A resistência destas comunidades, era alimentada pela Palavra que lhes traziam à memória os sinais, os grandes feitos de Jesus na sua jornada nesta terra. Um dos sinais da resistência é a alegria celebrada num casamento no capitulo 2, quando Jesus transforma água em vinho e não permite assim, que a leveza e a festa acabasse diante dos desafios da existência.

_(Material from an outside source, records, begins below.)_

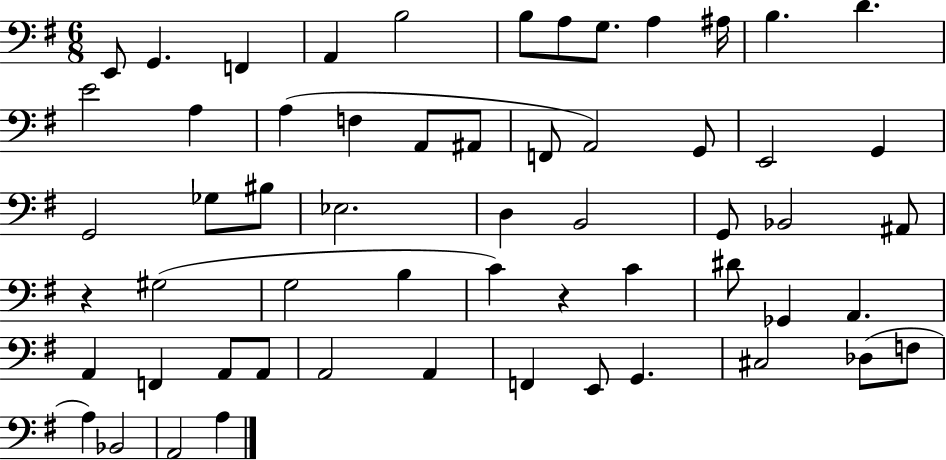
E2/e G2/q. F2/q A2/q B3/h B3/e A3/e G3/e. A3/q A#3/s B3/q. D4/q. E4/h A3/q A3/q F3/q A2/e A#2/e F2/e A2/h G2/e E2/h G2/q G2/h Gb3/e BIS3/e Eb3/h. D3/q B2/h G2/e Bb2/h A#2/e R/q G#3/h G3/h B3/q C4/q R/q C4/q D#4/e Gb2/q A2/q. A2/q F2/q A2/e A2/e A2/h A2/q F2/q E2/e G2/q. C#3/h Db3/e F3/e A3/q Bb2/h A2/h A3/q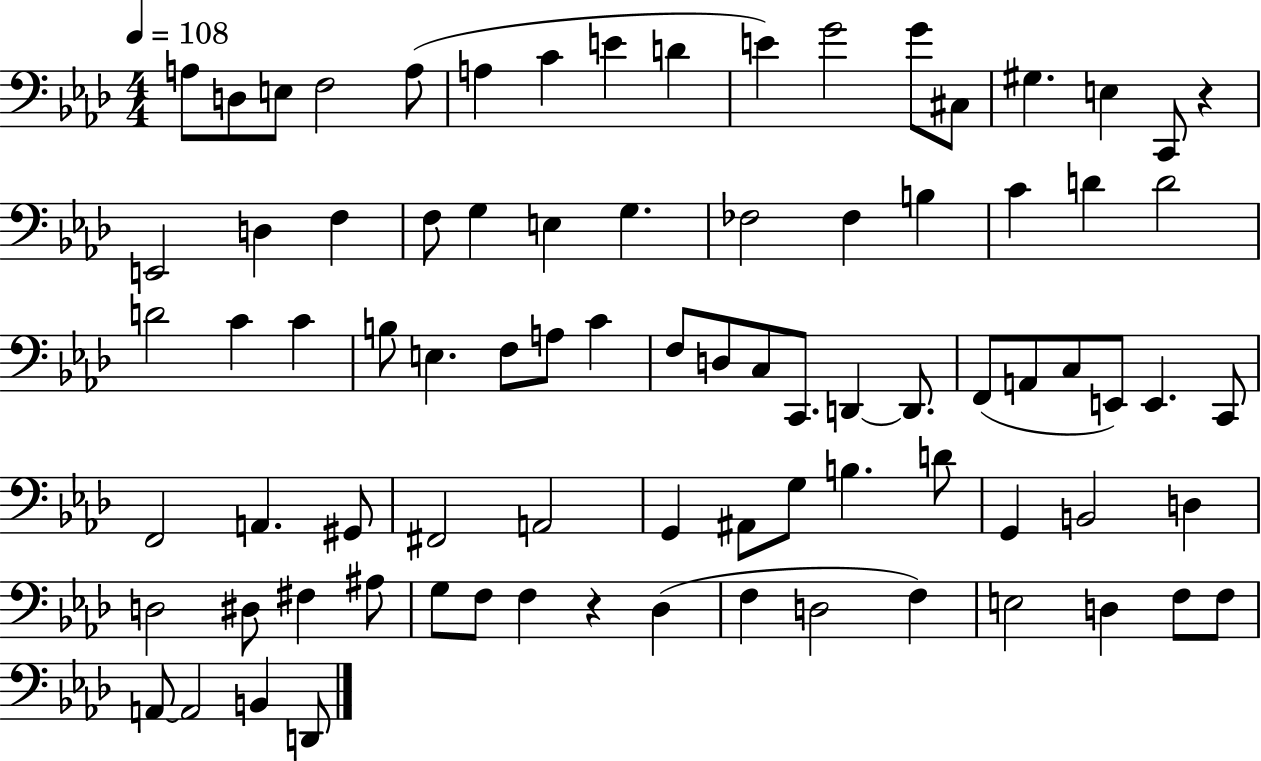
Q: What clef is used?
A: bass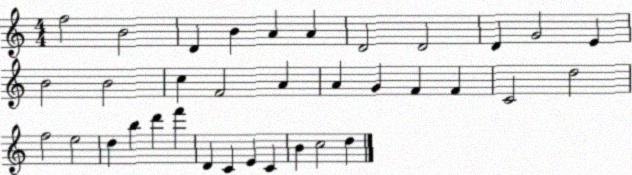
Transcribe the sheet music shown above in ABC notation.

X:1
T:Untitled
M:4/4
L:1/4
K:C
f2 B2 D B A A D2 D2 D G2 E B2 B2 c F2 A A G F F C2 d2 f2 e2 d b d' f' D C E C B c2 d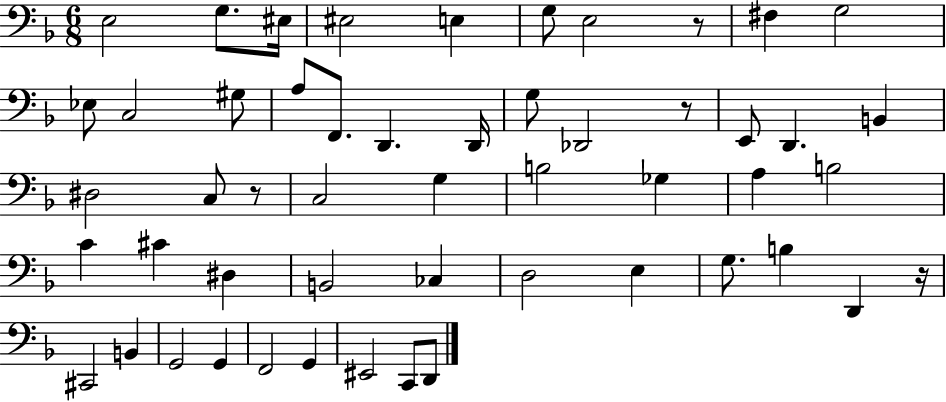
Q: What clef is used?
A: bass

Sobreviver a violência, desigualdades e injustiças sem uma dose de alegria, expressa no vinho, é impossível e nos faz lembrar do poeta Chico Buarque quando cantou: “a gente vai levando de teimoso de pirraça, que a gente vai tomando , que também sem a cachaça ninguém segura esse rojão”.

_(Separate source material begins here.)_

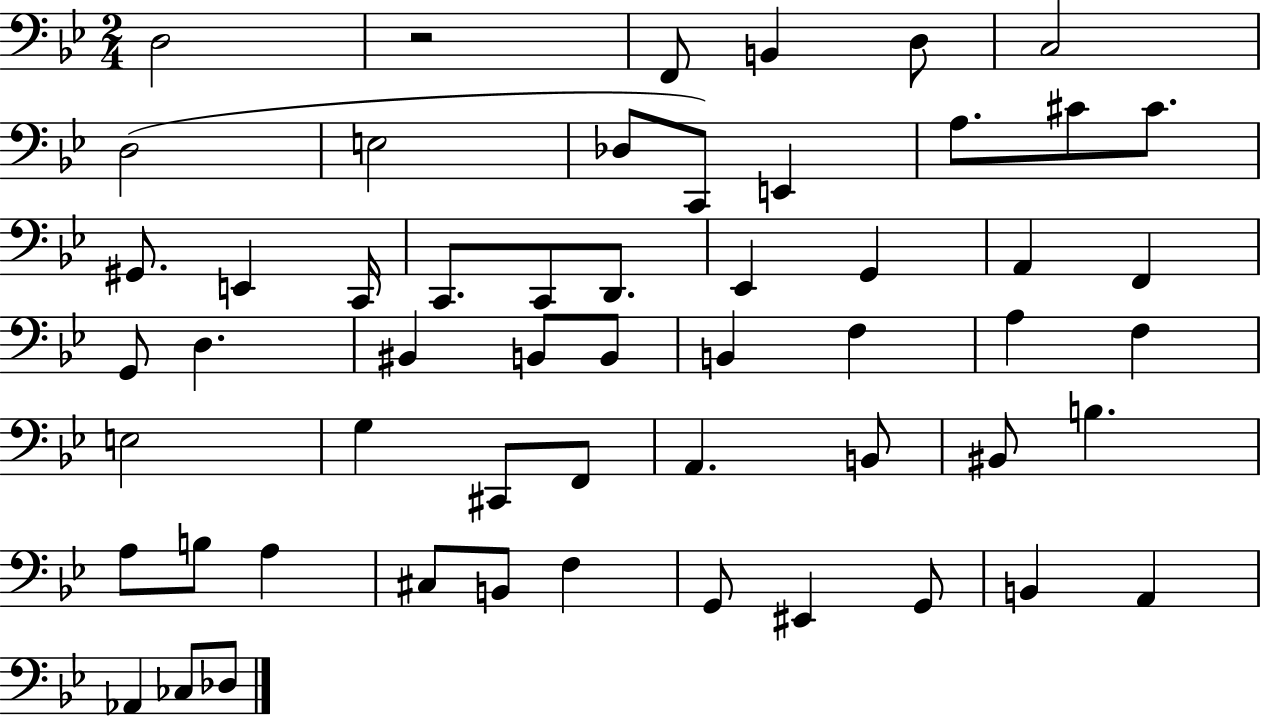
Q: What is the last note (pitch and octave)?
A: Db3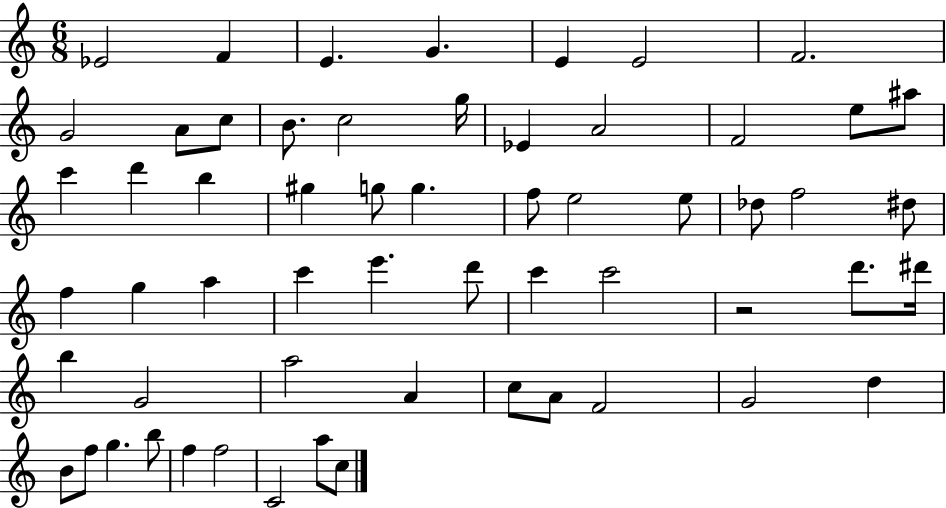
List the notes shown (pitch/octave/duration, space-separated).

Eb4/h F4/q E4/q. G4/q. E4/q E4/h F4/h. G4/h A4/e C5/e B4/e. C5/h G5/s Eb4/q A4/h F4/h E5/e A#5/e C6/q D6/q B5/q G#5/q G5/e G5/q. F5/e E5/h E5/e Db5/e F5/h D#5/e F5/q G5/q A5/q C6/q E6/q. D6/e C6/q C6/h R/h D6/e. D#6/s B5/q G4/h A5/h A4/q C5/e A4/e F4/h G4/h D5/q B4/e F5/e G5/q. B5/e F5/q F5/h C4/h A5/e C5/e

A situação do povo das primeiras comunidades, muito se assemelha aos tempos sombrios que vivenciamos: o fundamentalismo religioso, a intolerância, as desigualdades sociais, raciais e de genero, a violência contra os mais pobres parece que sempre houveram na história da humanidade, assim como sempre houveram grupos de resistências, comunidades de ajuda, ações de solidariedade que se juntam para resistir a fome e as violências. Nas comunidades joaninas não era diferente, muitos eram os desafios tanto internos quanto externos, e para continuar re-existindo era preciso trazer a memória a imagem do Jesus que alimenta a alma com suas palavras mas, também, se preocupa com a fome do pão, o alimento para o corpo.

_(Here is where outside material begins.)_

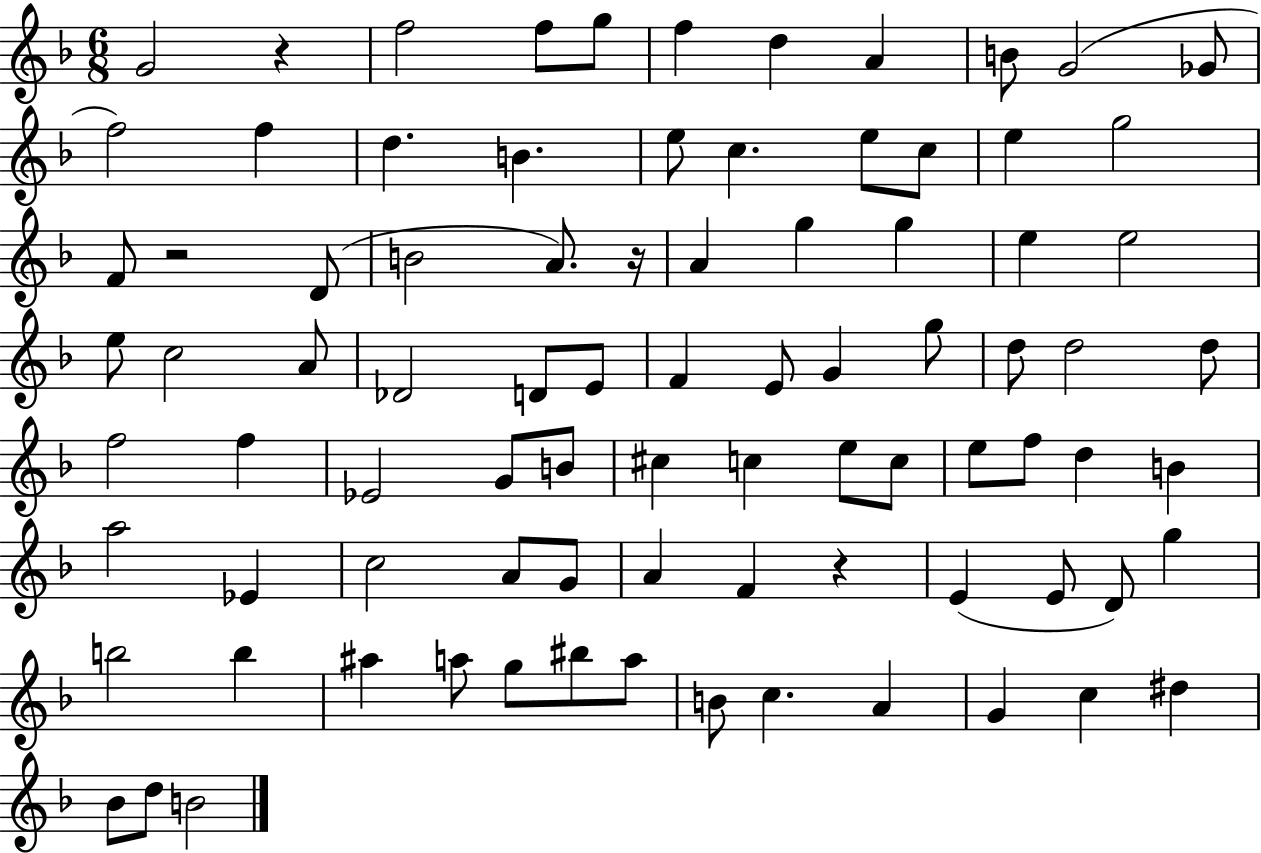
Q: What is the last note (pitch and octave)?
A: B4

A fome é, sem dúvida, um sinal da desigualdade social presente desde os tempos mais remotos e Jesus sabia que não era possível nenhuma ação transformadora de barriga vazia. Por isso se recusou a despedir as pessoas que o seguiam com fome, e no capitulo 6 temos um dos sinais mais bonitos e sensíveis do Mestre, quando ele alimenta a multidão com cinco pães e dois peixinhos. Alimentar o povo faminto de Palavra e de Pão é sinal de que não apenas discursos podem trazer vida e liberdade, mas atender as necessidades básicas da existência fazia parte do Projeto de Jesus. Quando as pessoas o procuravam, ainda perplexas com seus grandes feitos, Jesus denuncia a intencionalidade daqueles que o seguiam pelo pão material apenas, e nos chama à atenção para a necessidade das pessoas, não só de pão mas de palavra, poesia e profecia. Como dizia Nando Reis: “a gente não quer ser comida, a gente quer comida, diversão e arte…”.
Nos dias atuais não é diferente, a fome é a causa mais urgente e alimentar o corpo é fundamental para a existência e resistência. Vivemos uma realidade cruel de insegurança alimentar, a comida cada vez mais cara, falta de emprego, de saúde e de educação, quadro que se agravou ainda mais na pandemia que vivenciamos, e como o Evangelho pode nos iluminar? O Evangelho de João nos anima a continuar resistindo com alegria, amor, fé e esperança e os sinais do Mestre Jesus são alimento para fortalecer nosso corpo e nossa alma. Ele nos lembra que qualquer forma de espiritualidade, deve estar pautada na ajuda humanitária e só tem sentido quando é comunitária e coletiva. Nossa sobrevivência e existência depende do pão para matar a fome e também da palavra e da poesia para saciar a alma. Por isso Jesus afirma: “Eu sou o pão da vida. Quem vem a mim nunca mais terá fome…”Suas palavras alimentaram a alma daquele povo faminto e saciou a fome de pão e de poesia da humanidade, e hoje somos desafiados a resistir às trevas deste século, partilhando nosso pão, nossos saberes, nossos sabores, nossos amores e muita poesia. Como diria o poeta Emanuel Marinho: “poesia não compra sapato, mas como andar sem poesia? ”
Que as palavras do poeta e profeta Jesus possa saciar nossa alma tão cansada das injustiças e que nunca falte o pão na nossa mesa e a poesia pra nossa alma.